Technical information
- Licensing authority: FCC
- Facility ID: 62361
- Class: C
- Power: 1,000 watts (unlimited)
- Transmitter coordinates: 46°52′21″N 102°44′38″W﻿ / ﻿46.87250°N 102.74389°W
- Repeater: 100.7 K264CV (Dickinson)

Links
- Public license information: Public file; LMS;
- Webcast: Listen live
- Website: www.kdix.net

= KDIX =

KDIX (1230 AM, "The Classic 1230") is a radio station licensed to serve Dickinson, North Dakota, United States. It airs a classic hits music format and carries network news from ABC News Radio. The station is also heard on translator station K264CV (100.7 FM) in Dickinson. KDIX is owned by Starrdak, Inc.

==History==
KDIX radio first went on the air May 16, 1947, with 250 watts of power.
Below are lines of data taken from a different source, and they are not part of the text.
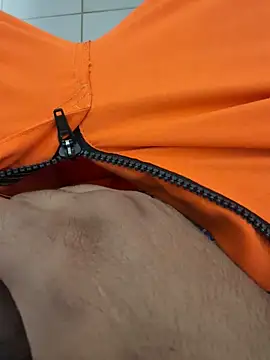 Snapshot of rajkumar0978 chatting on February 2026 11:37:02 PM rajkumar0978 online show from February 2026 11:37:02 PM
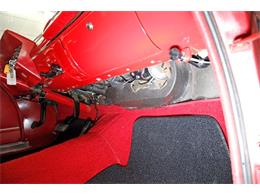 1962 Dodge Lancer (CC-1764818) for sale in Morgantown, Pennsylvania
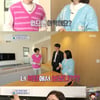 '홈즈' 박해진·김희재 vs 박정아, 제주 발품 대결 '무승부'[★밤TView]
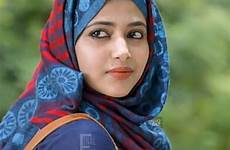 hijab sitara anu mallubabes
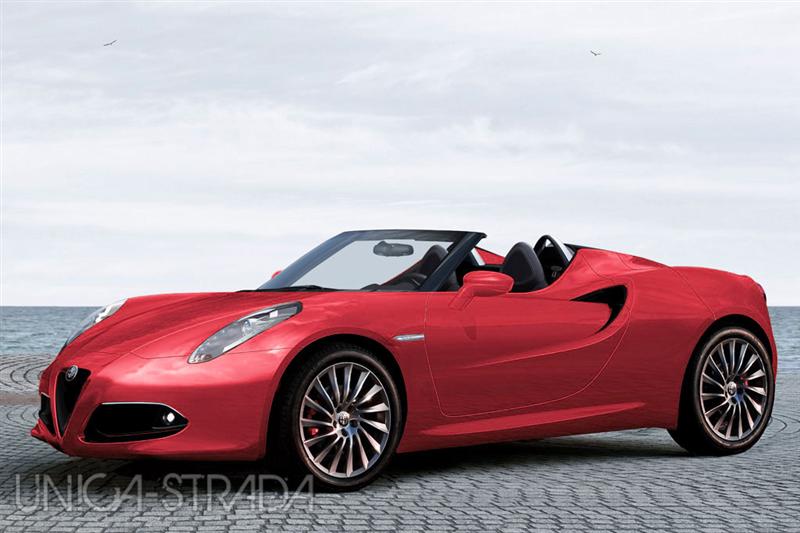 alfa-romeo-4c-spider (Custom).jpg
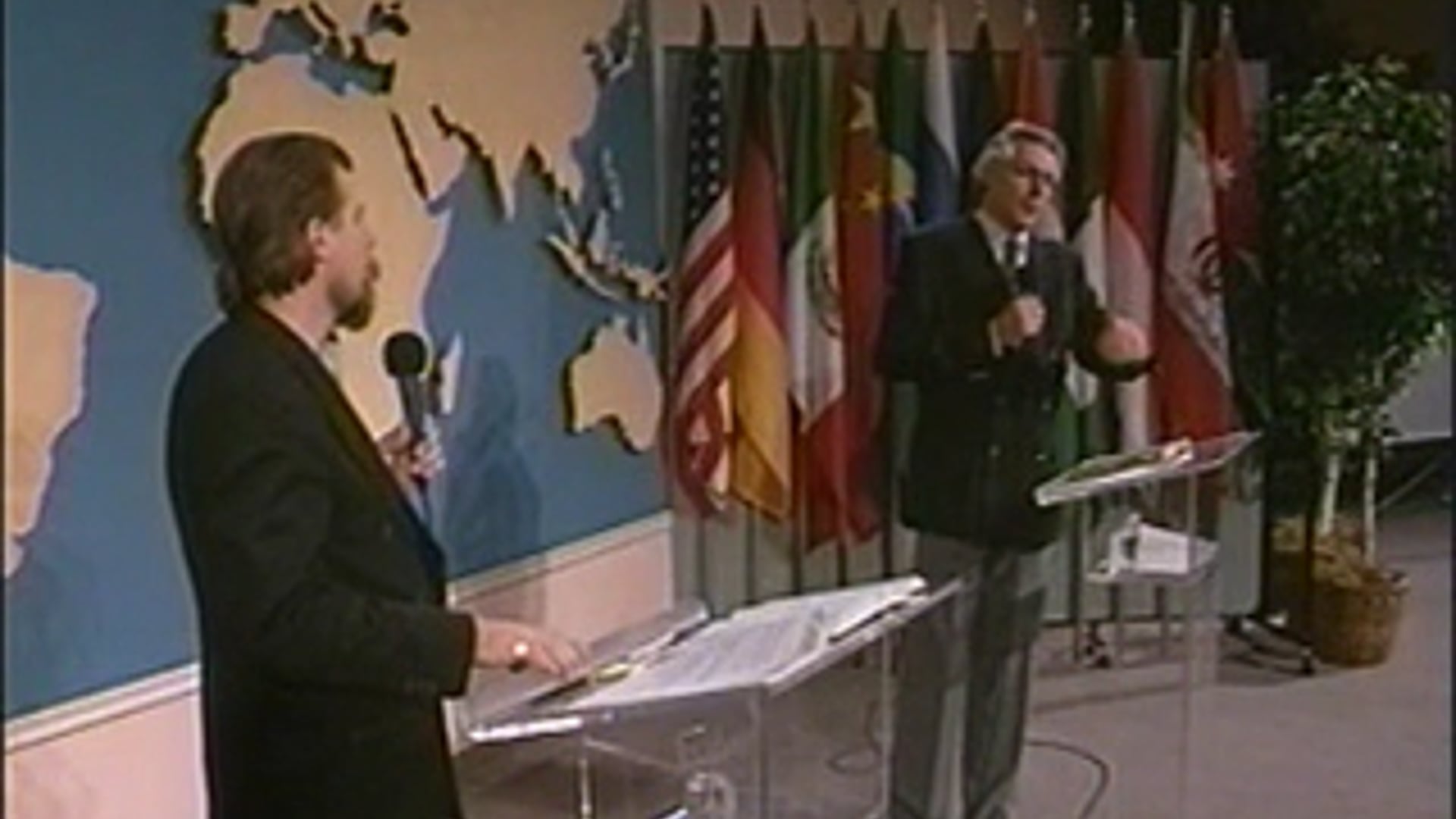 Wisdom Literature, Division, & Exile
It was purchased by Lee and Darlene Leiss in 1992 and the format was changed from Top 40 adult contemporary, to country rock and songs from the 1970s through the 1980s. This format change was to increase focus on the main age demographic of the area. Sports, local news and agriculture information, are the station's main programming features.

One of the best known radio voices in North Dakota, Rod Kleinjan has been on the air since 1972 serving Dickinson and the southwest North Dakota region with daily news, weather, and sports updates.

The station was assigned the KDIX call letters by the Federal Communications Commission.

KDIX was an affiliate of CBS News Radio until the network's closure in 2026; it was replaced by ABC News Radio.